The DoctoRx-planation is that unlike in the 1950s and 1960s, when younger and middle-aged individuals did a great deal of America’s investing, nowadays the investable wealth is largely in hands of the more geriatric set. They (we) want safety of principal. And, in the world of ZIRP we want to nail down some yield. And compared with the 2.7% yield on a major REIT such as Simon Property Group (SPG), which must by law pay out at least 90% of its earnings as dividends, the 3.9% current yield on utilities, which have a high but lower payout ratio than REITs, looks quite the bargain.
Also interesting is to compare the returns since 2001 from a plain vanilla long-term tax-exempt bond fund with the SPY (identical over that time frame). LINK
Basically they have been same, except the muni fund has been vastly stabler in price and has had a higher gross yield, plus it’s been exempt from taxes.
In other words, who needs low-yielding stocks with no security of principal?
Any public equity you buy is pre-owned, in which the seller may well be an institution that knows much more about the stock it is selling to you than you do; or it is an IPO (or the occasional secondary offering). For which, see FB.
Thus it remains my contention that for the market as a whole, there will be the same sort of tendency amongst investors that there was after the Hoover period. Stocks will just have to prove themselves. We understand that the Great Recession was, well, great. But the idea that a truly mild recession as occurred in 2001 could be associated with a massive stock crash, and that a recovery year the next year could also be a big down year in stocks– and that the bottom of the big down recovery year would be undercut 6-7 years later, rankles a lot of people. Besides not being all so well off generationally, trust me, younger people today are a bit afraid of stocks. Many of them just see them as a scam and not worth the trouble and risk.
Now, this sort of thinking has already created some decent stock market buys. But I only see the best of them as good but not compelling. I am long lots of utilities in my personal and managed accounts (including XLU), as well as munis. I have no idea what the twists and turns of our highly leveraged economic system will do. Worse, I have no confidence that a strong economic year will be followed by another strong one. Or, vice versa. When I can see a 30%+ one-year return in Con Ed simply by a yield reversion to 3% simply to justify its yield relationship with Treasurys and munis, why do I need to take a greater risk with tech or what-not? Basically, Con Ed (for example, and I am long the stock) has enough risk. There is operational risk and of course interest rate risk, plus general stock market risk. For example, the stock fell a great deal in price during the meltdown a few years ago, which Treasurys rose in price.
Despite the modest drop recently in the stock averages, I continue to fail to see the margin of safety to tempt me into much in the way of “gr0wthy” stuff. Not that they’re not going higher- I think they trend higher over time.
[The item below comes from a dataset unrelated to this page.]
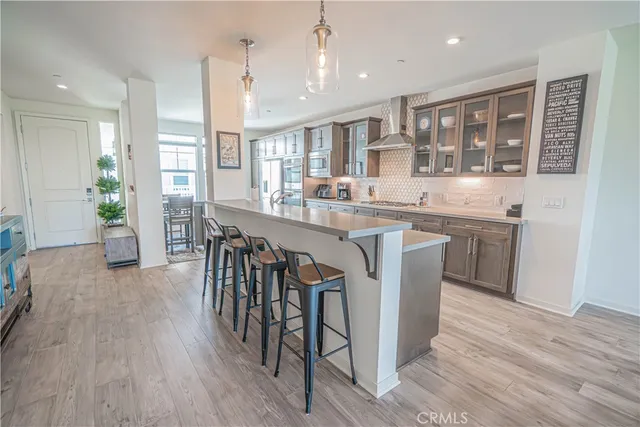 a kitchen with stainless steel appliances a stove and a refrigerator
But my level of confidence is low in any such prediction.
Yours truly is not unique. This sort of thinking is turning plain vanilla utilities in the new momentum stocks.
Who could have imagined this back in the go-go ’90s?
Meanwhile, the utilities index tends to go lately on the risk-on days, such as the last two days, and hold steady on the risk-off days, such as many other days plus the last hour of today’s (Thursday’s) trading.
That sort of price action is about as good as you can ever ask for.